I was hoping essentially to have a bunch of hot mics streaming to rhasspy and have it take care of everything.
I may need to think about this more, but here are my initial thoughts
By default, Rhasspy records from a microphone and, when you set the wake word system to MQTT, it streams this recorded audio data out on the hermes/audioServer/<SITE_ID>/audioFrame topic. When some external system detects the wake word (snowboy, etc.), it publishes to hermes/hotword/<WAKEWORD_ID>/detected. Rhasspy picks that up and switches to listening for a command (from the microphone).
In your case, though, you just want to send audio data to Rhasspy. By setting the audio recording system to MQTT, Rhasspy will not record from a microphone, and will instead take in your audio data (on hermes/audioServer/<SITE_ID>/audioFrame). If you have snowboy listening on the same MQTT server, then it should notify Rhasspy when the wake word is detected on hermes/hotword/<WAKEWORD_ID>/detected. Then, Rhasspy will switch to listening for a command from the incoming MQTT audio stream.
So really, the point is to avoid having Rhasspy both publish out audio data and listen for it at the same time. I may need to make this clearer in the settings.
Hmm, I got an error: OSError: [Errno -9996] Invalid input device (no default output device)
Only a Pi3 and hassio, but with USB microphone, uninstalled and installed again.
Same issue, anyone else?
Ok, i am learning fast, simple automatic is working, i am fighting with wake up words.
I check “Listen for wake word on start-up” and “Use pocketsphinx locally " set a wakeup word as"okay rhasspy” and other simple words but it seems i cannot make it work.
Should I hear a notification sound that rhasspy is listening now like in snips?
After many tries i read about other addons to activate mqtt wake word system but i cannot install them as addon in hassio. I just hitted install, progressing circle is circling around and nothing happend. Doesnt matter is Mycroft or Snowboy.
After a restart i dont see any profiles in right corner (fr,en ect) To make it work, I am doing a few restarts and it shows up, but should it be like this?

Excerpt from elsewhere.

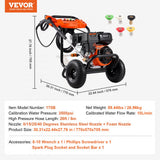 VEVOR Power Washer 3500 PSI – 7 HP Engine & Steel Frame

@Romkabouter It happpend to me, i just reconnecting phisically devices, restarting arduino or just wait more tiem after boot.
I’ve seen this happen in Hass.IO when it didn’t select an input audio device for me. I had to stop the add-on, select the microphone, save, then start it back up. Kind of irritating.
The Mycroft and Snowboy add-ons can take quite a while to build. Try the Snowboy add-on first, since it’s the one I’ve tested the most. I usually go to the Hass.io System tab, refresh the log, and wait for it to report "Build complete for " for the add-on (sometimes 10-15 minutes on a Pi).
Pocketsphinx should work sometimes with an appropriate microphone and wake word (they recommend 3-4 syllables). I have almost no success with my laptop’s built-in microphone, but ok performance through the PS3 Eye. Make sure you have the proper microphone select in the Hass.io add-on tab for audio input too. Rhasspy will pick the default audio device unless told otherwise.
Also try to switch from PyAudio to arecord for audio recording in the settings. Some folks here have had better luck with that for some reason.